One of the great gains of self-care is going to be to let us see our doctors as people. If you scrape the money away, you can see that doctors are insecure, beset by self-doubts, and under a lot of pressure—just like all the rest of us. But their training and society’s fantasies about their function have perpetuated a role in which they’re not able to admit their feelings, their fears, their uncertainties.
It’s encouraging to see that a great many medical students are excited about new career opportunities as educators.
Yes. I think that’s going to be the biggest future role for primary care physicians, nurse practitioners, and physicians’ associates. Health workers who are communicators and educators are going to be very much in demand. I think that the enthusiastic reception your magazine has received is a case in point.
I’ll have to admit, I’ve been stunned by the way Medical Self-Care Magazine has been accepted by health workers and health workers’ organizations. I got into this work very disillusioned with-conventional medicine, and I expected to be considered a real rebel, attacked by the AMA, the whole bit. It’s been absolutely the contrary. In fact, I’ve just been invited to speak to the AMA’s Annual Rural Health Conference.

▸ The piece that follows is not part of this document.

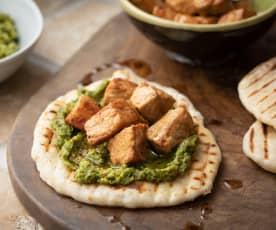 Bocconcini di maiale con pesto di broccoli e piadina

It’s at these conferences, like the AMA Rural Health Conference you mentioned, that many health workers get introduced to these concepts—and so do other professionals- such as librarians, social workers, and agricultural extension workers.
In fact, that’s the stage self-care is in right now— networking. Getting the word around. Helping people connect with others with similar interests. Some of these networks are very informal communities with homey mimeographed newsletters. Some are more formal—some of the best national networking is being done by the National Self-Help Clearinghouse in New York.
What do you see ahead for self-care?
I would hope that we would see some changes on three levels: changes in our understanding of what self-care is, changes in government health programs as the result of an increasing awareness of self-care as a resource, and a gradual extension of the goals of the self-care movement.
Up to now, self-care has been thought of as an individual activity. I think we’re going to move toward a view that also takes into account the health-care-giving functions of nuclear and extended families, friendship networks, affinity groups, churches, mutual aid groups, libraries, groups of fellow-workers, and political groups. We’re going to broaden our notion of the nonprofessional health-care resource.
Second, I think that legislators considering new state and federal health legislation will have to be very sensitive to its effect on our lay health resources. We don’t want to professionalize these resources. We want to supplement and humanize professional health care by nurturing existing lay health-care strategies.
Finally, I think we’re going to see the self-care movement taking on some broader social and political goals—improving the environment, improving our communities. I would hope that self-care could build on its strong base of individual action and seek to improve our individual and community health by social action as well.